'''

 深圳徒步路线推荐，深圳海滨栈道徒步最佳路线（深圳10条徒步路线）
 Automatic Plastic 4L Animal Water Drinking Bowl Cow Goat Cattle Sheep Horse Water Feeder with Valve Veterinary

'''
'''

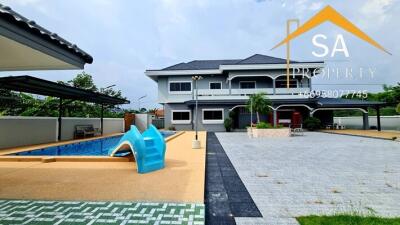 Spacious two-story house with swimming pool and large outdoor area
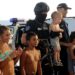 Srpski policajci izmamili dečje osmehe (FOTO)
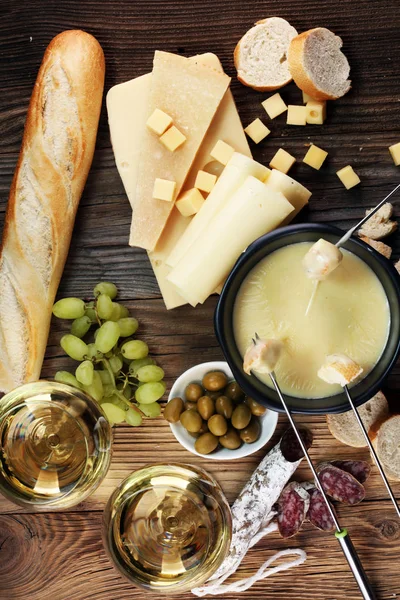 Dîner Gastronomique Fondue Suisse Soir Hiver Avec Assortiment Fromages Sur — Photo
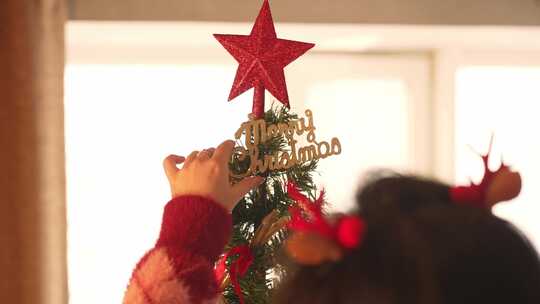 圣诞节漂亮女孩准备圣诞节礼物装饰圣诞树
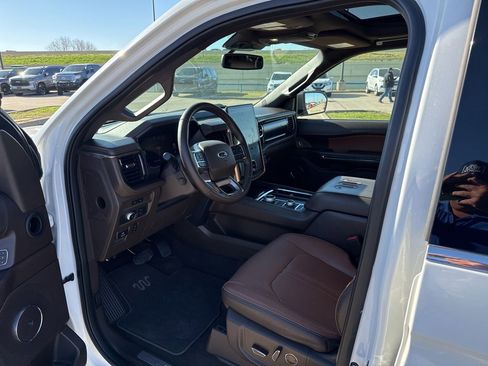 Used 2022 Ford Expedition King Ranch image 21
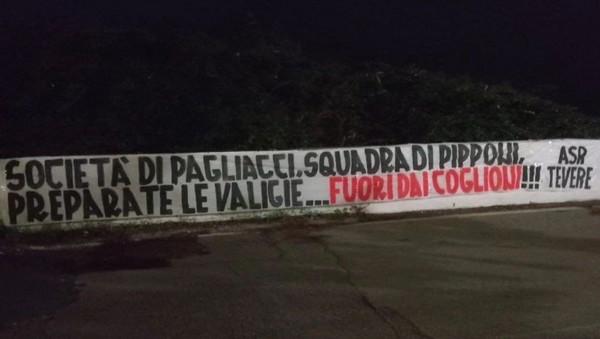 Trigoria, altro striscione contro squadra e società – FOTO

'''

Nothing but the lines from the one with "Spacious two-story house" up to and including the one with "Trigoria, altro striscione" should be printed, exactly as they read above. Please keep the pictures out.

 Spacious two-story house with swimming pool and large outdoor area
 Srpski policajci izmamili dečje osmehe (FOTO)
 Dîner Gastronomique Fondue Suisse Soir Hiver Avec Assortiment Fromages Sur — Photo
 圣诞节漂亮女孩准备圣诞节礼物装饰圣诞树
 Used 2022 Ford Expedition King Ranch image 21
 Trigoria, altro striscione contro squadra e società – FOTO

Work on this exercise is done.